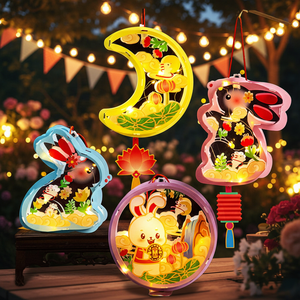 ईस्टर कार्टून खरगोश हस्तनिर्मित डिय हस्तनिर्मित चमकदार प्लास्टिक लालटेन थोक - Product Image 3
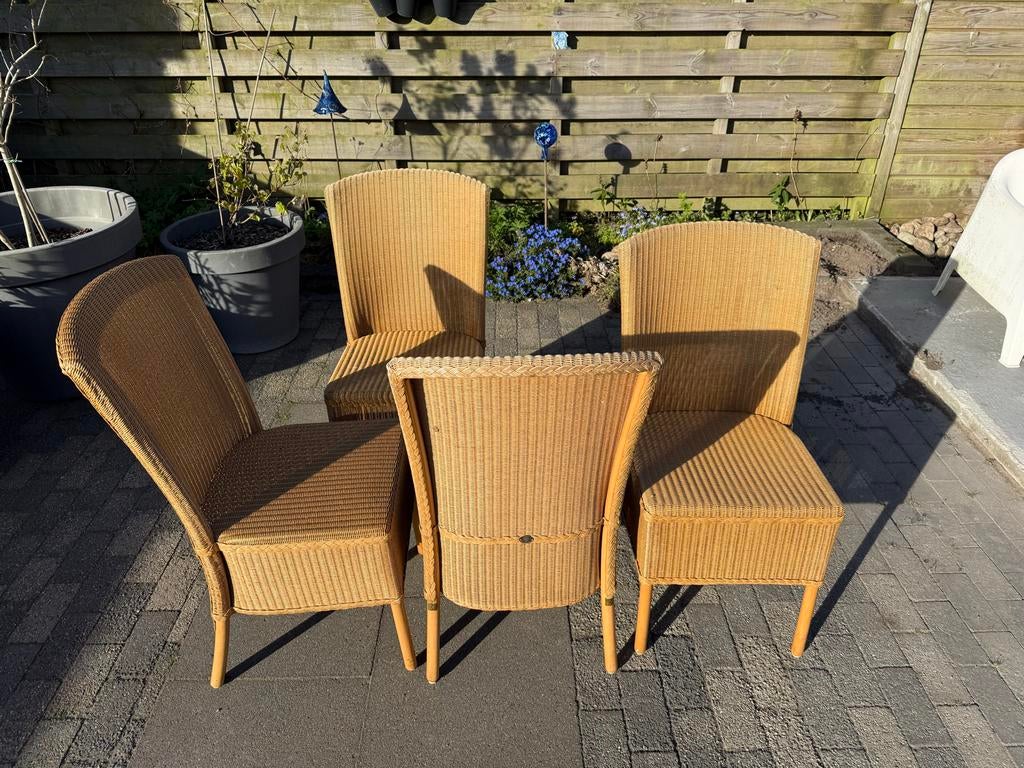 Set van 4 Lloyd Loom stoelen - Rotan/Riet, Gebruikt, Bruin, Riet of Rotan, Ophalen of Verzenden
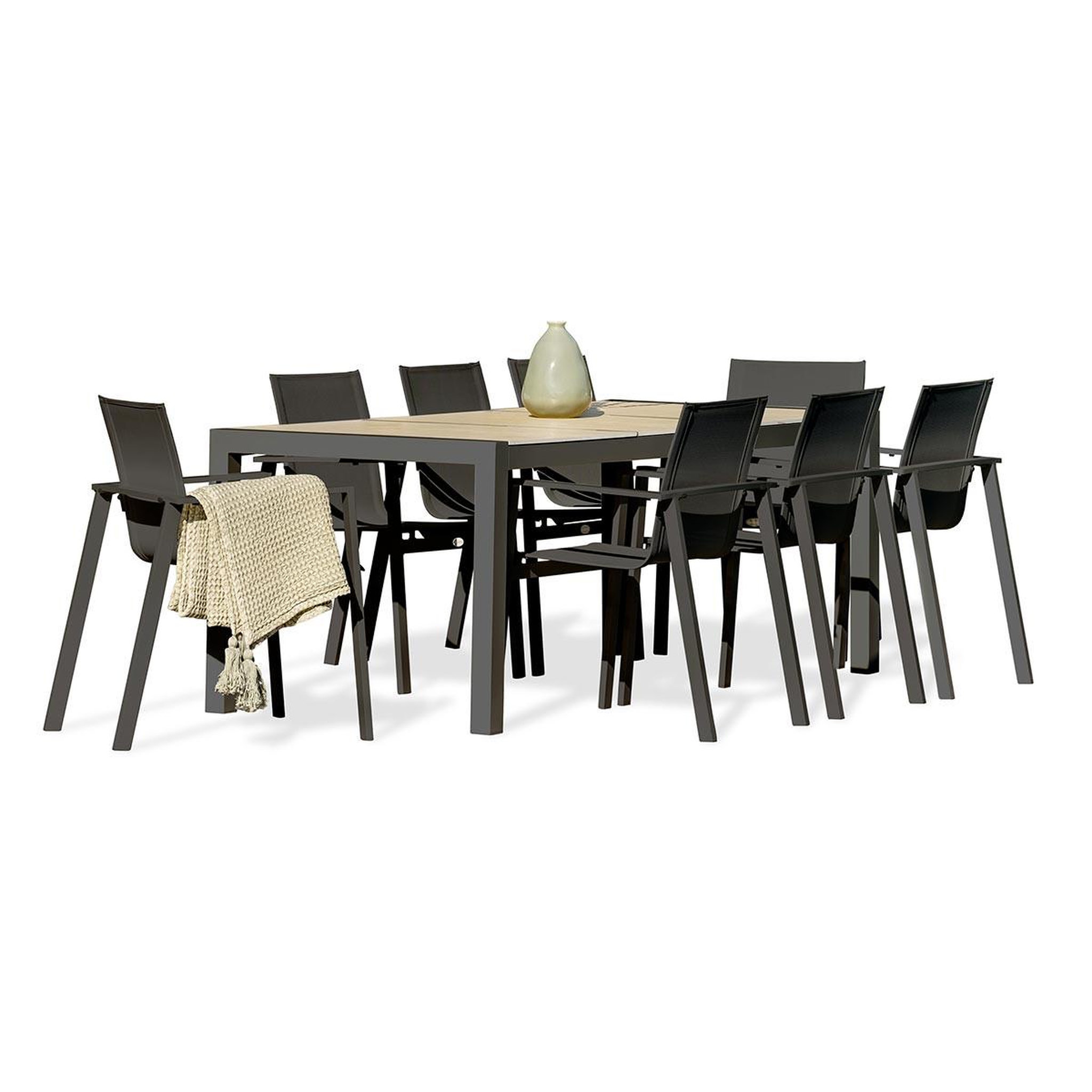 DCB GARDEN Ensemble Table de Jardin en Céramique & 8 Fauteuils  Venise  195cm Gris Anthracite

• [WHAT NEEDS TO BE DONE]:
Leaving out only the pictures, reproduce the listing exactly.

• [REPLY TO THE TASK]:
 ईस्टर कार्टून खरगोश हस्तनिर्मित डिय हस्तनिर्मित चमकदार प्लास्टिक लालटेन थोक - Product Image 3
 Set van 4 Lloyd Loom stoelen - Rotan/Riet, Gebruikt, Bruin, Riet of Rotan, Ophalen of Verzenden
 DCB GARDEN Ensemble Table de Jardin en Céramique & 8 Fauteuils  Venise  195cm Gris Anthracite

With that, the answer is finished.